EXTRACTED RECORDS below:

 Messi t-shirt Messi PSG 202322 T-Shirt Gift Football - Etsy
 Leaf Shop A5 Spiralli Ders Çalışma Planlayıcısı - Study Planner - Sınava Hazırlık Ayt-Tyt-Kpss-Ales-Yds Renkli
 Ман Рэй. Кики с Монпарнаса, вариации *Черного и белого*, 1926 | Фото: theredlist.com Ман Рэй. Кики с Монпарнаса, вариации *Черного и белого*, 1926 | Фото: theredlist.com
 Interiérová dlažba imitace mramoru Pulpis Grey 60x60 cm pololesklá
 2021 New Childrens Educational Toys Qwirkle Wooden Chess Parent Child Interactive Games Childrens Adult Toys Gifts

End of EXTRACTED RECORDS.
EXTRACTED RECORDS below:

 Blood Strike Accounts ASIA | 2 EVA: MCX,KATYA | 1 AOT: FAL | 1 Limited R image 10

End of EXTRACTED RECORDS.
EXTRACTED RECORDS below:

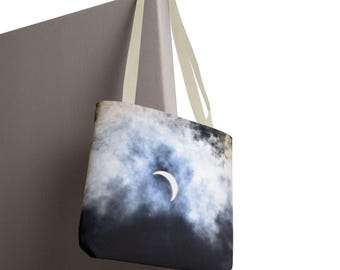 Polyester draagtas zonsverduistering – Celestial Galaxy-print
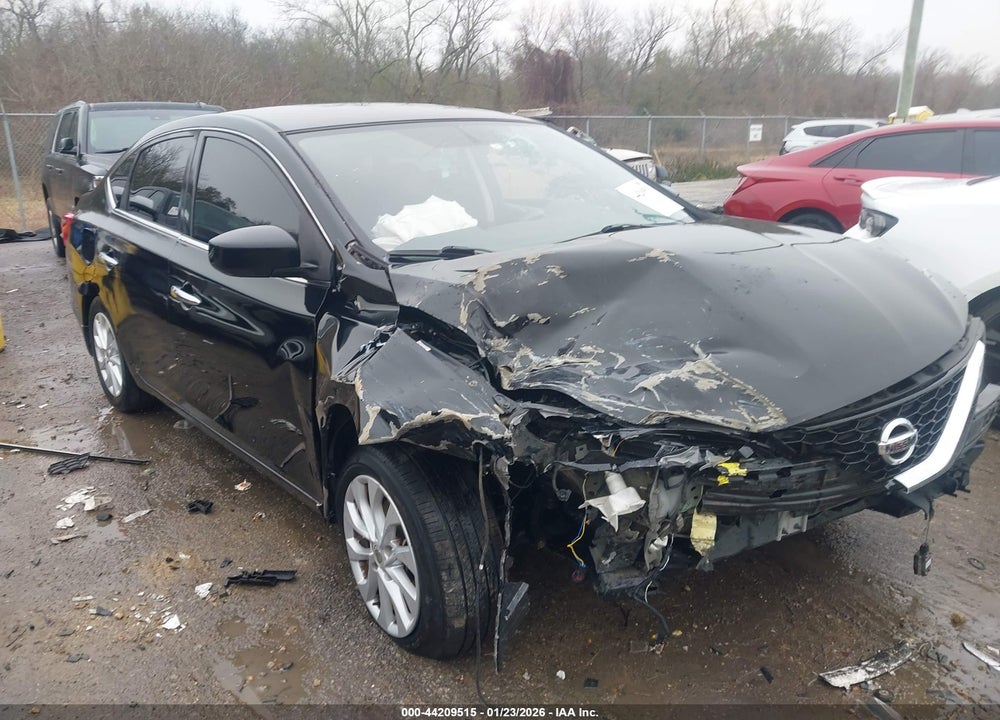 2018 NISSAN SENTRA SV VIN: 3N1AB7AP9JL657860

End of EXTRACTED RECORDS.

EXERCISE OBJECTIVE = Among the lines above, repeat exactly those from the line with "Interiérová dlažba imitace" to the line with "2021 New Childrens", counting both ends.

TASK RESULT =
 Interiérová dlažba imitace mramoru Pulpis Grey 60x60 cm pololesklá
 2021 New Childrens Educational Toys Qwirkle Wooden Chess Parent Child Interactive Games Childrens Adult Toys Gifts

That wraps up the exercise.